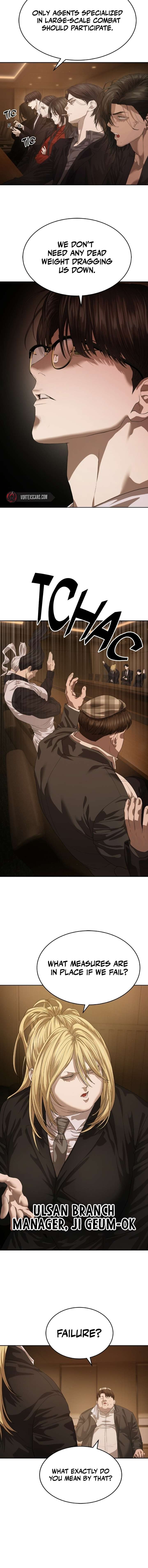 Special Civil Servant Chapter 66 - Page 12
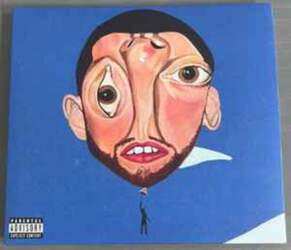 Warner Records CD Mac Miller -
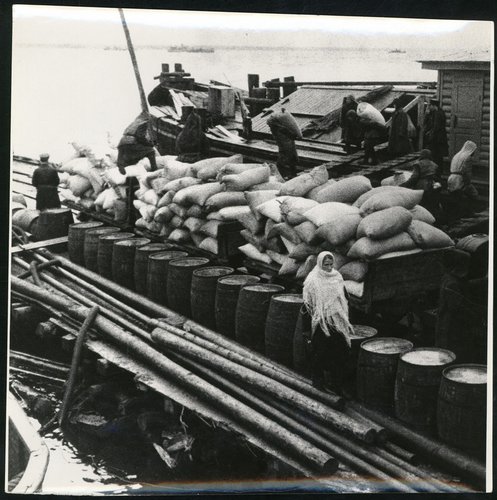 Ладога. Хлеб — Ленинграду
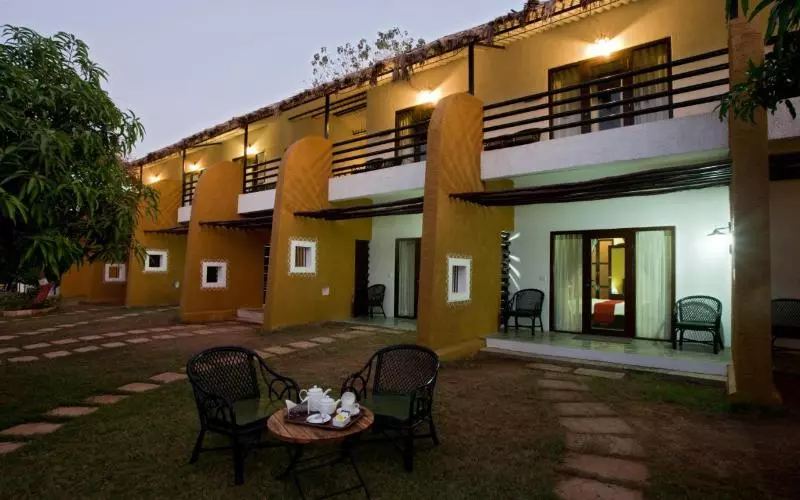 Hotelli Club Mahindra Gir Resort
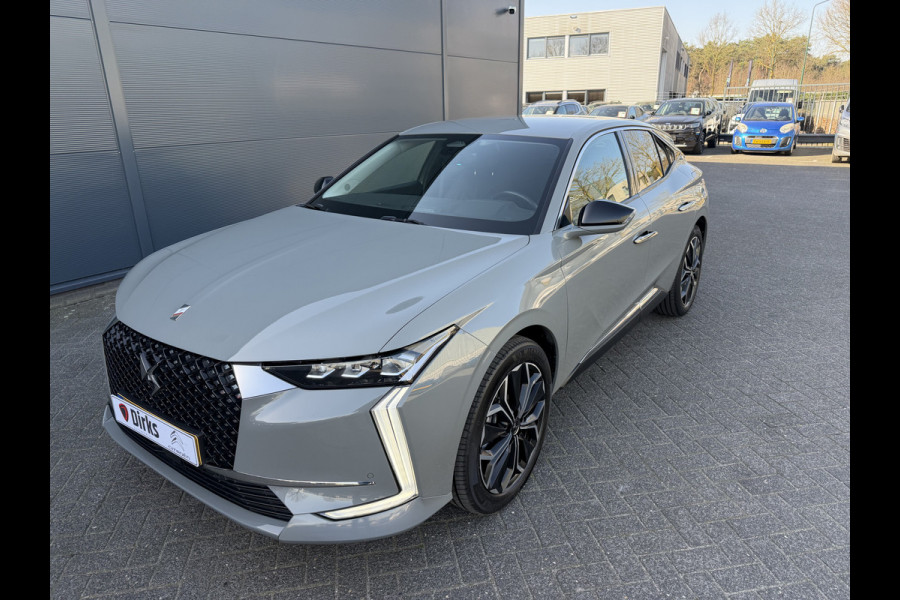 DS DS 4 225pk E-Tense Rivoli (Leder incl verwarming/geheugen - Elektrische klep - 360gr Camera - Adaptieve Cruise Controle - LED Matrix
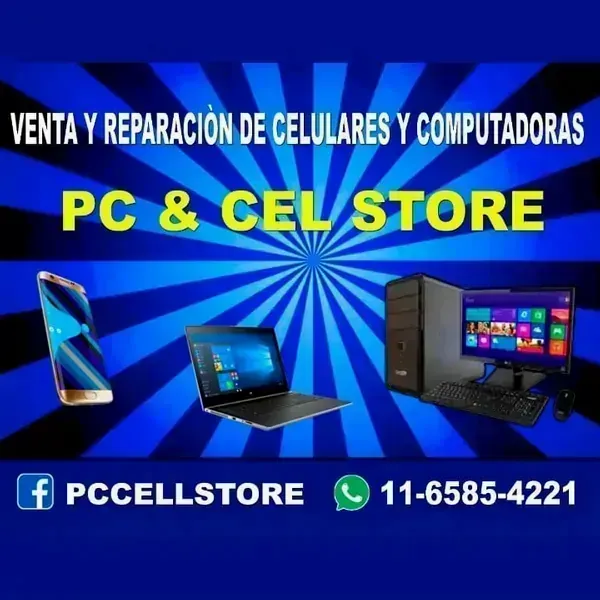 PC Y CEL STORE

Directions ▸ If pictures appear, drop them, and retype exactly the lines from the "Ладога. Хлеб — Ленинграду" line through the last line of the data above.

Answer to the exercise ▸
 Ладога. Хлеб — Ленинграду
 Hotelli Club Mahindra Gir Resort
 DS DS 4 225pk E-Tense Rivoli (Leder incl verwarming/geheugen - Elektrische klep - 360gr Camera - Adaptieve Cruise Controle - LED Matrix
 PC Y CEL STORE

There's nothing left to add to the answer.